---- LISTED RECORDS
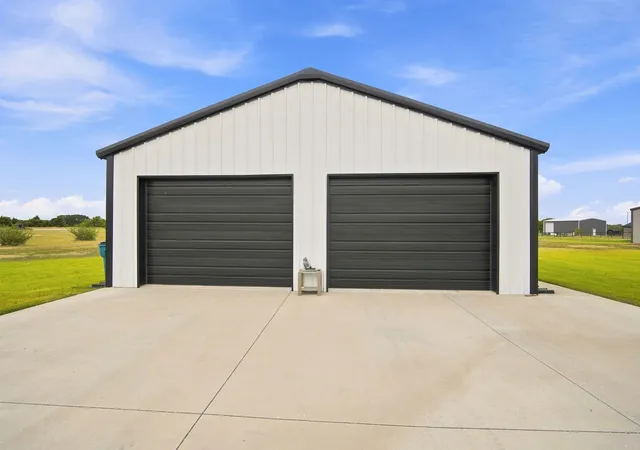 Photo 3 of Single family home for sale at 140 Lone Elm Rd, Waxahachie, TX 75167 | MLS# 21371151 | Listing updated on 2026-09-14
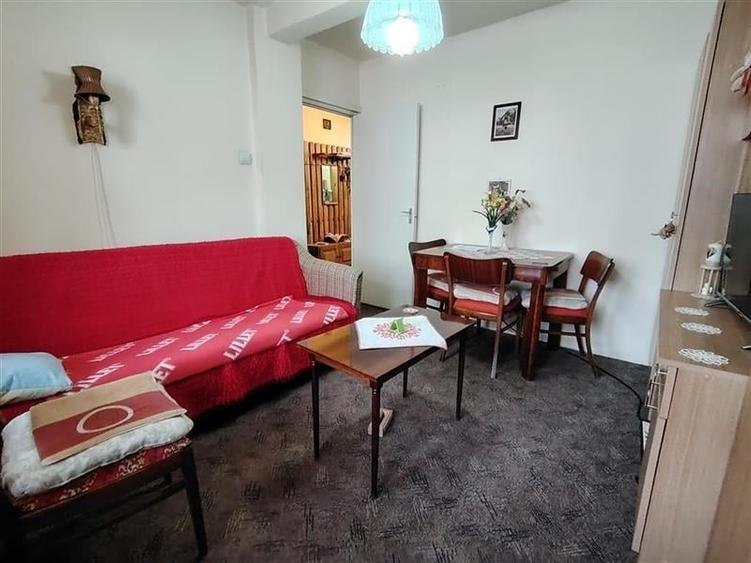 Apartament cu 4 camere decomandat, mobilat în Vest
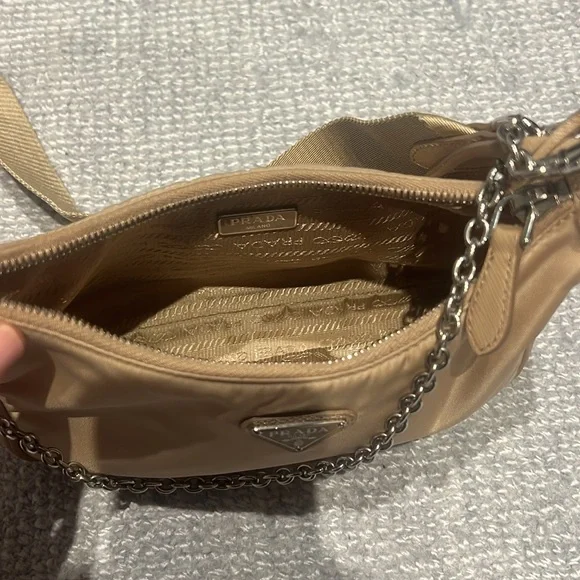 Desert beige re-edition nylon Prada bag - Picture 7 of 10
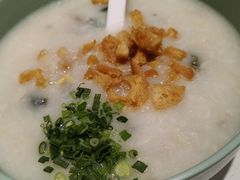 皮蛋咸瘦肉粥-喜势点·糖沙翁手工茶点·本地人茶居(永庆坊店)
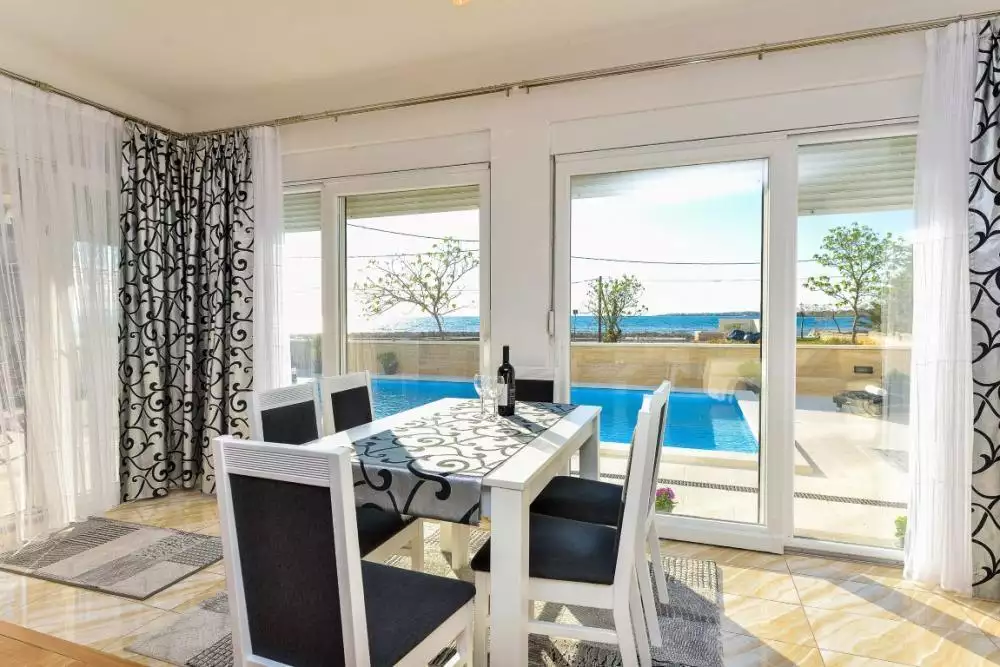 Отель, гостиница 390м² в Хорватии, Затон. Стоимостью 1250000€ аренда фото-25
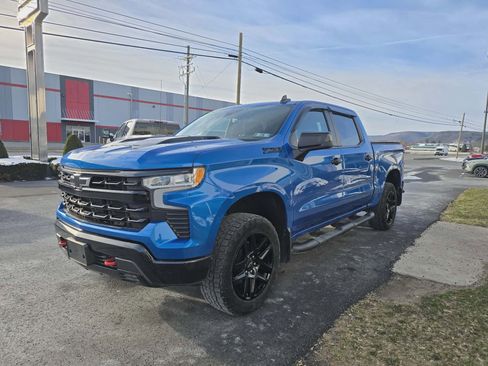 Used 2023 Chevrolet Silverado 1500 LT Trail Boss w/ Protection Package AWD/4WD image 7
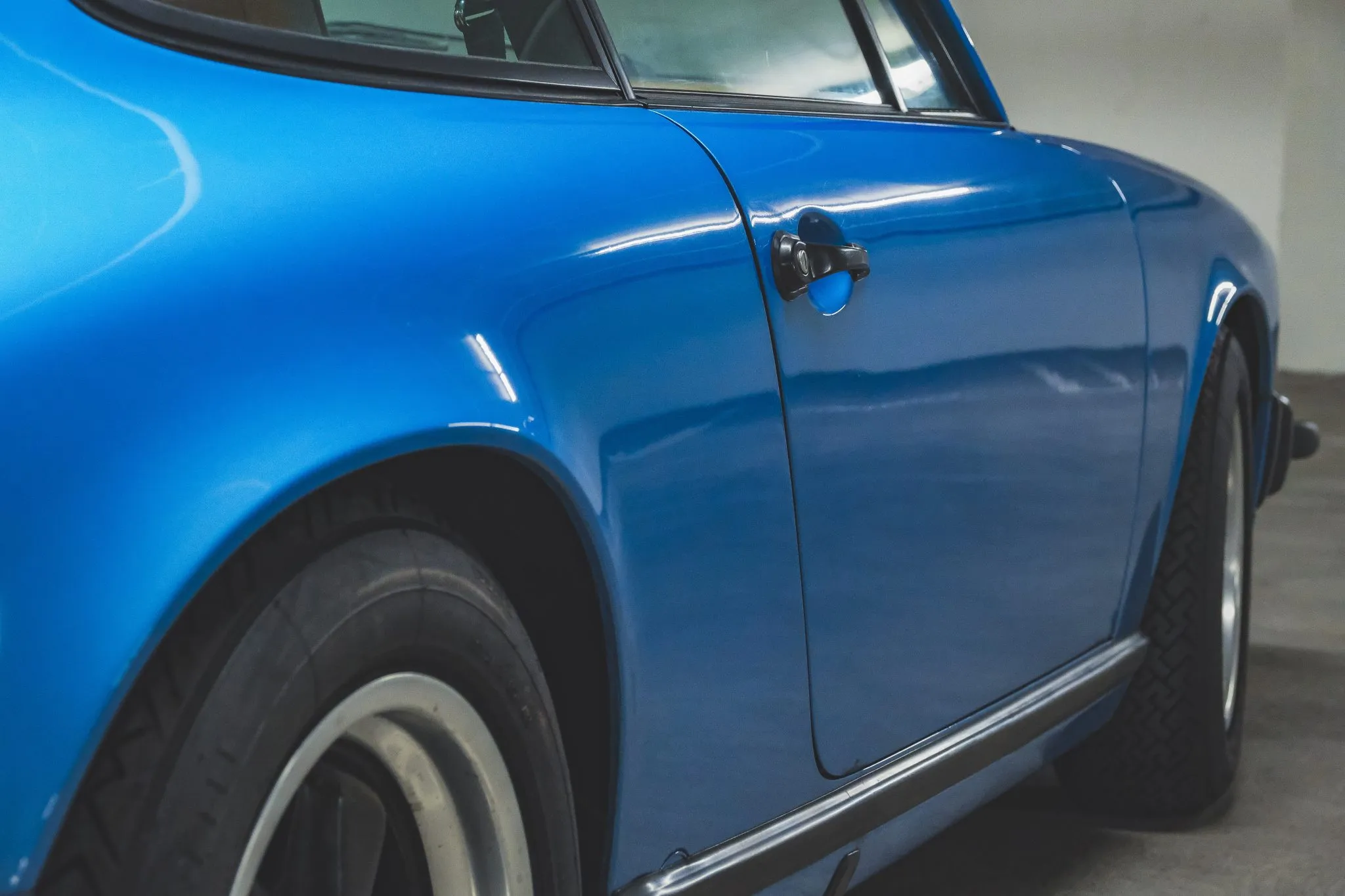 1977 Porsche 911S Coupe in Minerva Blue Metallic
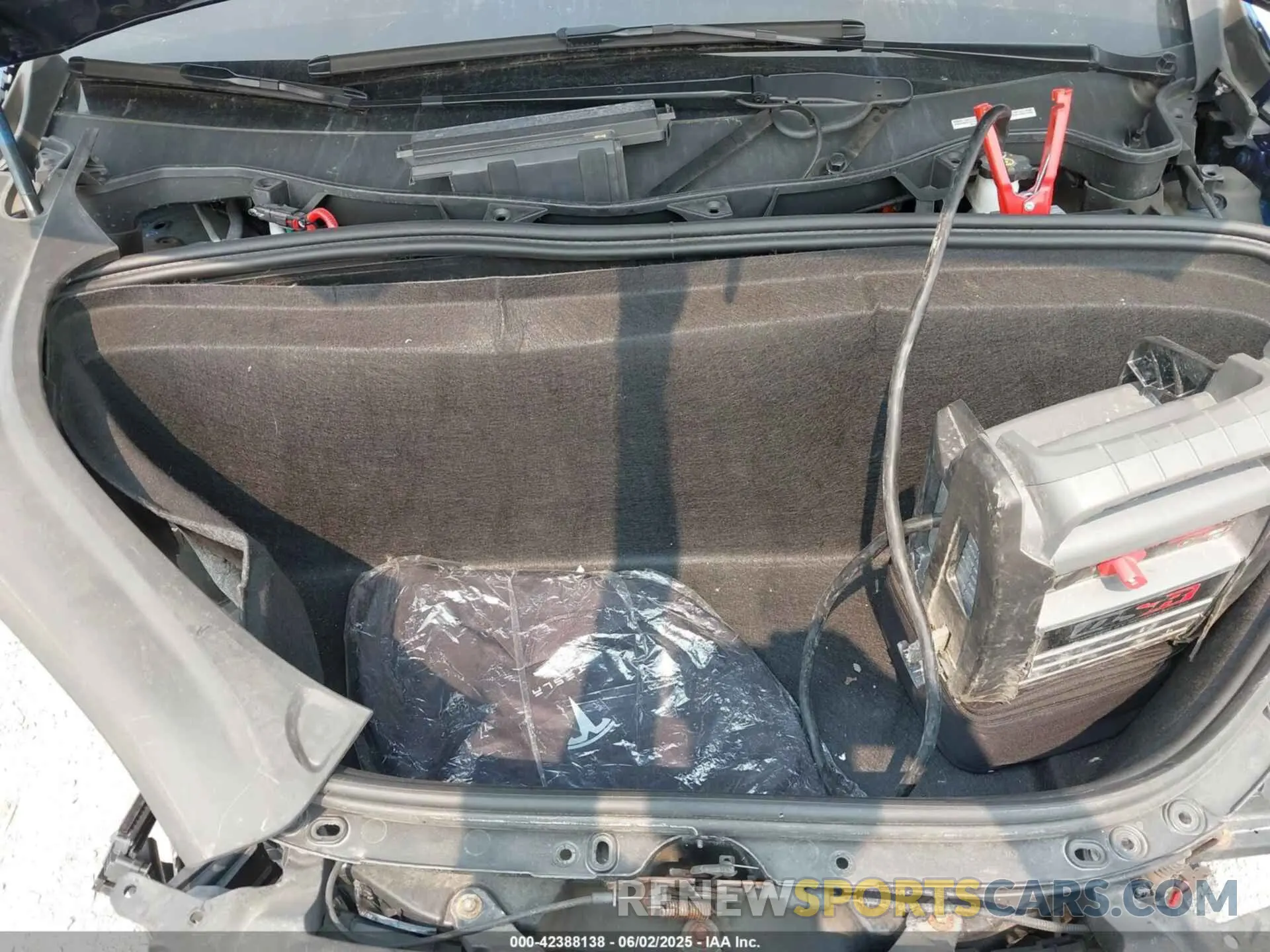 10 Photograph of a damaged car 5YJXCBE22LF231533 TESLA MODEL X 2020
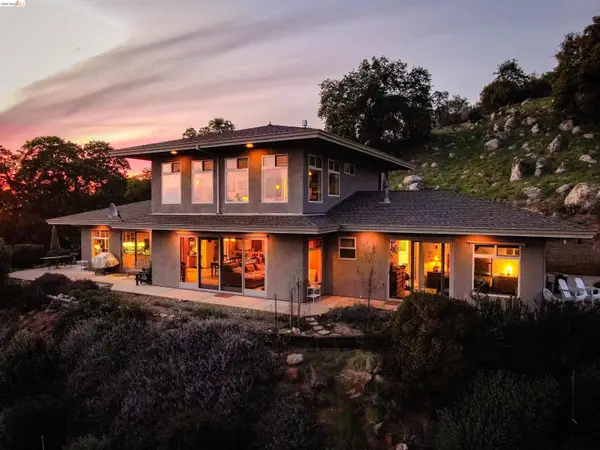 18288 Lambert Lake Road, Sonora, CA 95370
--------
WHAT YOU WILL DO: In the records above, copy exactly everything from the line that has "Отель, гостиница 390м²" down to the line that has "10 Photograph of", both ends included, and leave out the pictures.

RESULT OF THE EXERCISE:
 Отель, гостиница 390м² в Хорватии, Затон. Стоимостью 1250000€ аренда фото-25
 Used 2023 Chevrolet Silverado 1500 LT Trail Boss w/ Protection Package AWD/4WD image 7
 1977 Porsche 911S Coupe in Minerva Blue Metallic
 10 Photograph of a damaged car 5YJXCBE22LF231533 TESLA MODEL X 2020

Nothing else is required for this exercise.